Die 60. Jahrestage geben Anlass für alle Organisationen, mit den Medien über gestern und heute zu reden. Journalisten suchen in dieser Zeit unseren Expertenrat und brauchen Vermittlungshilfe für Interviewpartner. Da die meisten Journalisten junger als 40 Jahre alt sind, haben wir hier die Möglichkeit, unsere Inhalte zu transportieren, indem wir sie gezielt mit Informationen beliefern. Nicht nur die Folgen der Einsätze von Atomwaffen soll Thema sein, sondern die jetzigen Gefahren, Hintergründe und mögliche Auswege.
Schlussfolgerungen
Wir stehen an einer Kreuzung zwischen der Erbschaft des Kalten Krieges (nukleare Teilhabe) und einem neuen nuklearen Zeitalter. Wie es weiter geht, hat sehr viel mit der politischen Dynamik in den USA zu tun und wie viel Selbstvertrauen Europa in der internationalen Politik entwickelt. Deutschland spielt eine maßgebliche Rolle in dieser Geschichte, wird aber sehr stark von der Innenpolitik abgelenkt, so dass die Brisanz der aktuellen Situation nicht erkannt wird. Zwei Zeichen könnten von Deutschland aus erfolgen, um die Abrüstung wieder auf die Tagesordnung zu bringen: eine Kündigung der technischen Teilhabe (siehe IPPNW-Aktuell 12/04) und eine eindeutige Position bei der NPT-Überprüfungskonferenz für die Erfüllung des Artikel VI und Unterstützung für die NAC. (Artikel VI fordert die Nuklearmächte auf, eine vollständige atomare Abrüstung auszuhandeln)
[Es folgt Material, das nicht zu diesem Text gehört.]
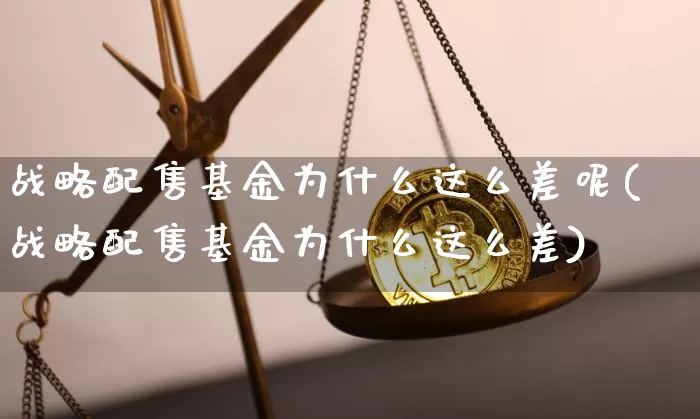 战略配售基金为什么这么差呢(战略配售基金为什么这么差)_https://www.cangshenghg.com_创业板_第1张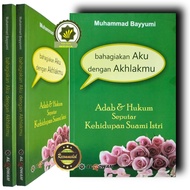 Buku Panduan Pernikahan BAHAGIAKAN AKU DENGAN AKHLAKMU Risalah ADAB dan HUKUM Seputar Tatacara Perga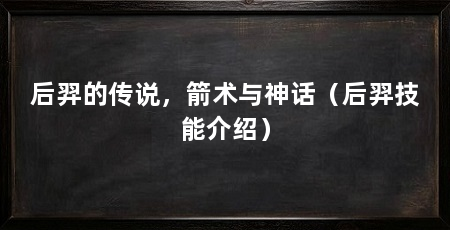 后羿的传说,箭术与神话(后羿技能介绍)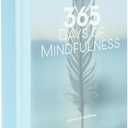 365 Day Mindfulness Journal, Daily Prompts Guided Notebook for Self Discovery Thoughtful Diary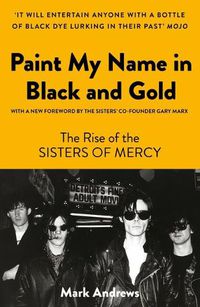 Cover image for Paint My Name in Black and Gold: The Rise of the Sisters of Mercy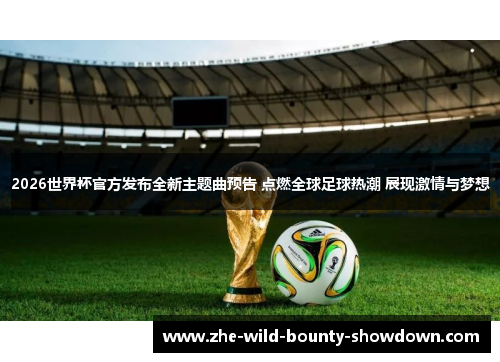 2026世界杯官方发布全新主题曲预告 点燃全球足球热潮 展现激情与梦想 2026世界杯官方发布全新主题曲预告 点燃全球足球热潮 展现激情与梦想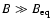 $B \gg B_{\rm eq}$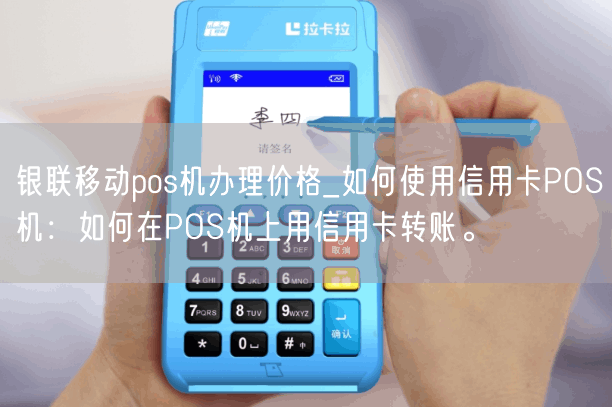 银联移动pos机办理价格_如何使用信用卡POS机：如何在POS机上用信用卡转账。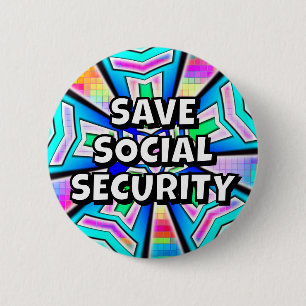 SAVE SOCIAL SECURITY (you may change the words) 6 Cm Round Badge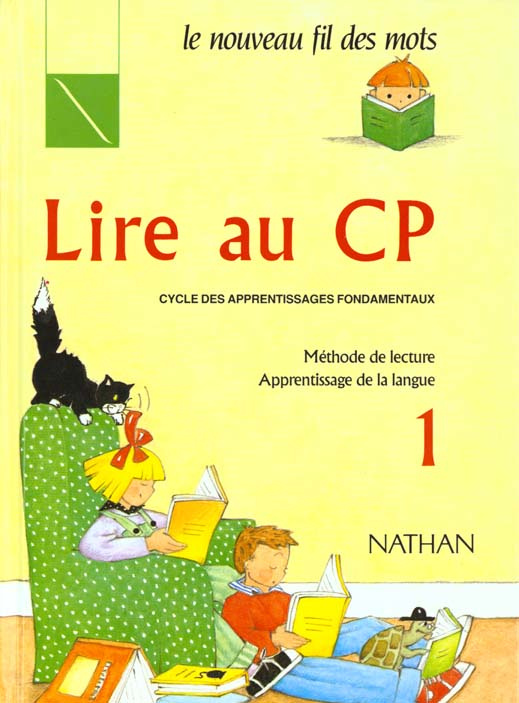 LIRE AU CP. Méthode de lecture, apprentissage de la langue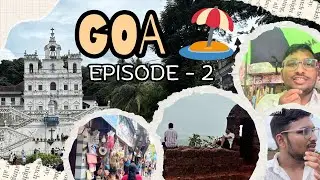 Goa Vlog Episode 2 🌴 | Hidden Vibes & Unseen Beauty of Goa 💫 | The Journey Continues 🔥| Aesthetic
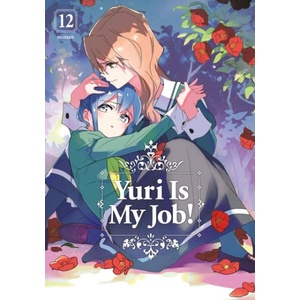 Yuri is My Job! , Vol. 12 (ISBN: 9781646519200)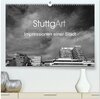 Buchcover StuttgArt - Impressionen einer Stadt (hochwertiger Premium Wandkalender 2024 DIN A2 quer), Kunstdruck in Hochglanz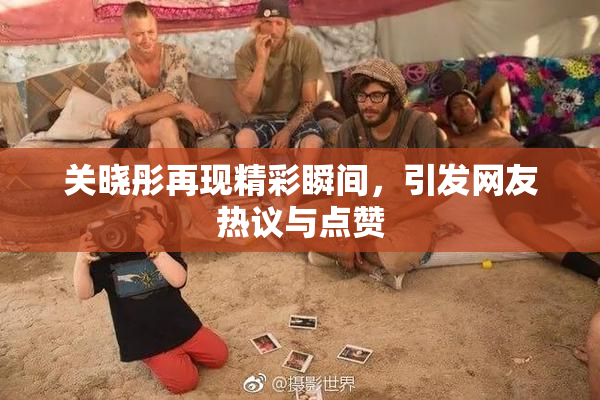 关晓彤再现精彩瞬间，引发网友热议与点赞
Unsere Kampagne und viele Projekte müssen bei jeder Gelegenheit deutlich machen, warum es gerade jetzt zu einer Zuspitzung der Gefahr kommt und dass die deutsche Bevölkerung die Atomwaffen insgesamt ablehnt - hier und auch woanders. Dafür brauchen wir eine neue Basis, die aus jüngeren Menschen besteht. In meinen Augen heißt das, dass die wichtigste Arbeit überhaupt in der Aufklärung besteht. Das ist auch die Schlussfolgerung vieler anderer Bewegungen in anderen Ländern.
Anlässe
Für Initiativen:
1. 60. Jahrestag der Atomwaffenabwürfe über Hiroshima und Nagasaki (6. und 9. 8.).
2. Das "Einstein-Jahr".
3. Die 5. Überprüfungskonferenz des Atomwaffensperrvertrages (Mai 2005) in New York.
4. 60 Jahre nach dem ersten Atomtest.
5. Weitere Entscheidungen über die Entwicklung neuer Atomwaffen in den USA.
6. Streit um Urananreicherung in Iran.
7. Zertifizierung des Eurofighters als Ersatz für den Tornado (Atomwaffenträger).
Xanthe Hall ist Abrüstungsreferentin der IPPNW und arbeitet in der Geschäftsstelle der deutschen IPPNW-Sektion in Berlin. Sie koordiniert der deutschen Trägerkreis "Atomwaffen abschaffen". Sie ist Mitbegründerin des internationalen Netzwerkes für die Abschaffung aller Atomwaffen "Abolition 2000"und Mitglied dessen Global Council.